Enseigner la poésie aujourd’hui, quels défis? Une nouvelle série d’articles avait commencé sur poesieromande.ch, inaugurée par Christophe Imperiali, nouveau professeur de littérature française à l’Université de Neuchâtel. La série se poursuit désormais avec Muriel Pic, professeure FNS à l’Université de Berne. Elle aborde avec nous certains des enjeux de l’enseignement de la poésie aujourd’hui: comment la transmettre? Quel rôle l’université doit-elle jouer dans ce processus?
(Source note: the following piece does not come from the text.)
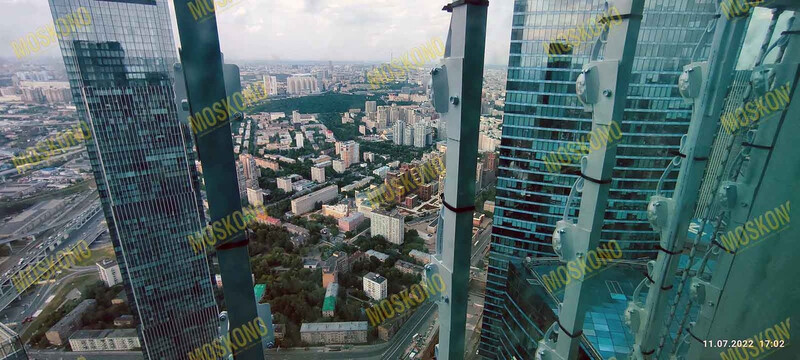 Сварка 42 волокна и мо...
La poésie peut-elle utiliser les nouvelles technologies?

Sandra Willhalm: Vous vous êtes rendue dans plusieurs pays (Allemagne, France, Suisse) dans le cadre de votre cursus académique et de vos recherches. Y a-t-il des différences en matière d’enseignement de la poésie entre ces pays? Ces méthodes sont-elles complémentaires?

Muriel Pic: Chaque langue possède une scansion propre, chaque culture véhicule ses propres modèles de versification. Par exemple, la poésie anglaise repose sur une métrique accentuelle alors que la métrique française est syllabique. Mais je pense que quelle que soit la langue principale de l’enseignant, la manière d’enseigner ce qu’est un hexamètre dactyle reste la même, objectivement commandée par les règles poétiques en la matière et le lexique d’usage. Je me demande si je réponds à votre question…?

S.W.: D’une certaine façon, oui. Vous travaillez sur un projet FNS sur quatre ans (jusqu’en 2020) qui concerne la poétique et l’esthétique de la cénesthésie chez Henri Michaux. Quels sont les axes principaux de cette recherche? En quoi ce projet renouvelle-t-il l’approche de la poésie?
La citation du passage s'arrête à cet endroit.